The higher number of search terms required for string search might intuitively be explained by the user needing to try multiple synonyms to find relevant information. For instance, for the question “*Does the patient have a history of stroke?*” in the text there were 4 negative mentions scattered through the documents: “does not look like she has a stroke”, “No TIA or CVA”, “No CVA” and “No CVA” (TIA = transient ischaemic attack; CVA = cerebrovascular accident). NLP-enhanced search found all mentions with the search term “stroke” (which was the only term that evaluators tried), but string search evaluators also tried “TIA”, “CVA”, “neurological”, “history” and “infarction” in their efforts to find all relevant information. Interestingly, we see that evaluators were sometimes searching for neighbouring words (“history”, “neurological”) most likely as a method to bypass the possible variation in textual mentions. Further, string search does not match spelling variants (or misspellings) and therefore evaluators sometimes tried different spellings e.g., for the question “*Is the patient currently on full-dose anticoagulant treatment?”*, both “anti-coagulant” and “anticoagulant” were tried as successive search terms by evaluators using string search.

This analysis also highlighted that the strict parameter settings for string search meant that search terms matched only to whole words, not to substrings and thus evaluators could not search with a prefix. We see some evidence of evaluators adjusting to this e.g., searching first for “anticoag” and then “anticoagulant”, or searching for both “smoke” and “smoker”, and this also increases the number of search terms tried.

### 3.4 User perceptions of NLP-enhanced search

User perceptions were assessed via the feedback survey which included a mix of Likert scale ratings, from “strongly disagree” to “strongly agree”, and free text responses. Below we summarise responses to four questions.

#### How was NLP-enhanced search perceived?

Most respondents positively described the capabilities of NLP-enhanced search, noting its identification of misspellings, wordforms and synonyms, though some reported that NLP-enhanced search returned too many findings (*“[NLP-enhanced] search was very clever and thorough but could return 100 results”)*. However, when rating the efficacy of NLP-enhanced search, 76% of respondents thought any unrelated findings, i.e., *false positives*, did not significantly impact the usefulness of the search algorithm.

#### Is NLP-enhanced search better than string search?

81% of respondents agreed that NLP-enhanced search facilitated more relevant IR than string search.
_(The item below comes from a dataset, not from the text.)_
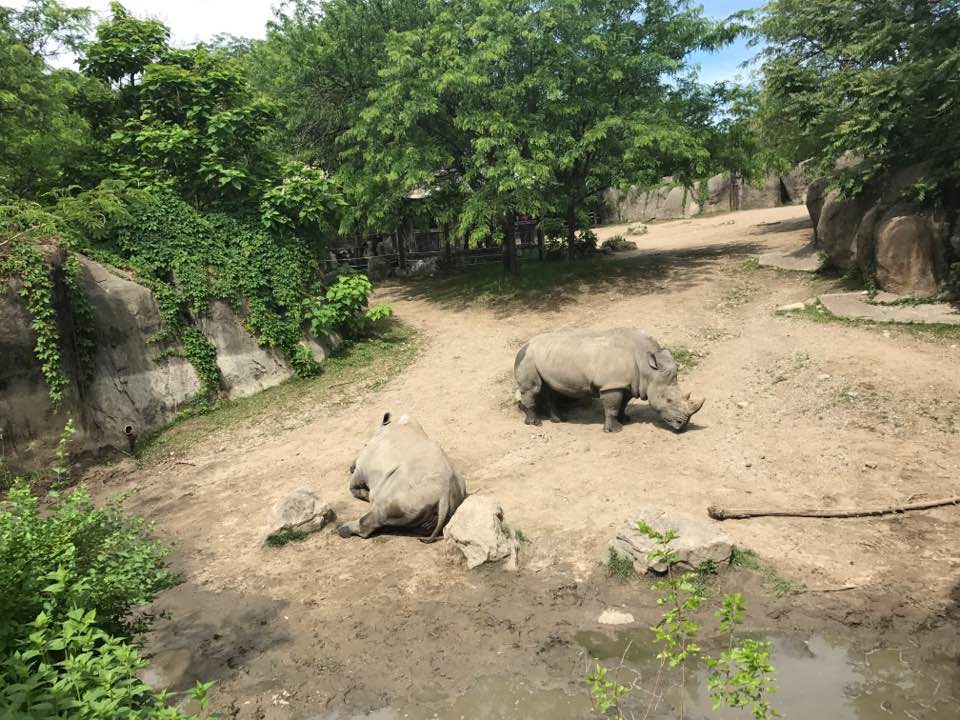 Plains- White Rhinoceros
However, many commented that the string search capabilities within the patient-centric viewer were more limited than they were accustomed to on everyday devices, stating that “*string search was too discriminatory*” (the parameter settings meant that only whole word matches were returned, not substrings, as discussed in Section 3.3).
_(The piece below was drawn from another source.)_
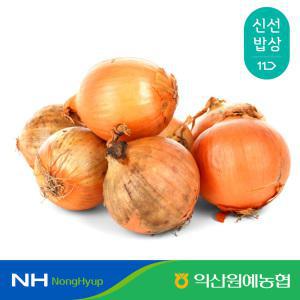 [익산원예농협] 탑마루 24년 햇 양파 3kg 5kg 특 중대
#### Would NLP-enhanced search make clinical workflows more efficient?

93% (39 out of 42) respondents agreed that NLP-enhanced search would make clinical workflows more efficient than string search, in particular during clinics and clerking of patients. Free text feedback reflected this, with respondents reporting that NLP-enhanced search was useful and less time-consuming when compared to string search or no search when retrieving specific information. One evaluator commented *“the [NLP-enhanced] search tool made it significantly easier for me to find the information I was looking for and also quicker”*. On the other hand, respondents further reported that NLP-enhanced search would not always be the best method for situations where a comprehensive overview of a patient is needed. In this case, assimilating information using manual review (no search) would be more effective. One evaluator said, *“I felt that using the [NLP-enhanced] search tool meant I wasn’t focussing on the case as much but just looking for words”*. A common opinion was that NLP-enhanced search would be a useful addition to manual review for clinical tasks.

#### Would NLP-enhanced search reduce cognitive load?

Respondents frequently mentioned that NLP-enhanced search made it easier to retrieve the information they were looking for, with one evaluator stating that *“[NLP-enhanced] search is an excellent tool for a quick way to filter through relevant information”*. While a few mentioned that too many results were returned, respondents also reported that going through the relevant findings was easier and preferable to a full manual review of the notes, with manual review being described as “*tedious”, “painstaking”* and *“very easy to miss vital information”*. One evaluator commented that NLP-enhanced search could *“improve the workload of an already overworked profession”*.

## 4 Discussion

Our results showed a significant increase in accuracy when NLP-enhanced search was used compared to string search and no search, whilst both NLP-enhanced search and string search offered time savings. There was a perception of easier navigation from evaluators and a measured decrease in required interactivity in the case of NLP-enhanced search (lower number of search terms compared to string search). We caveat this conclusion with the observation that the strict parameter settings of string search meant search terms matched only to whole words, not substrings; this increased the number of terms that evaluators used and potentially reduced the search accuracy, compared to a string search version that matches also to substrings.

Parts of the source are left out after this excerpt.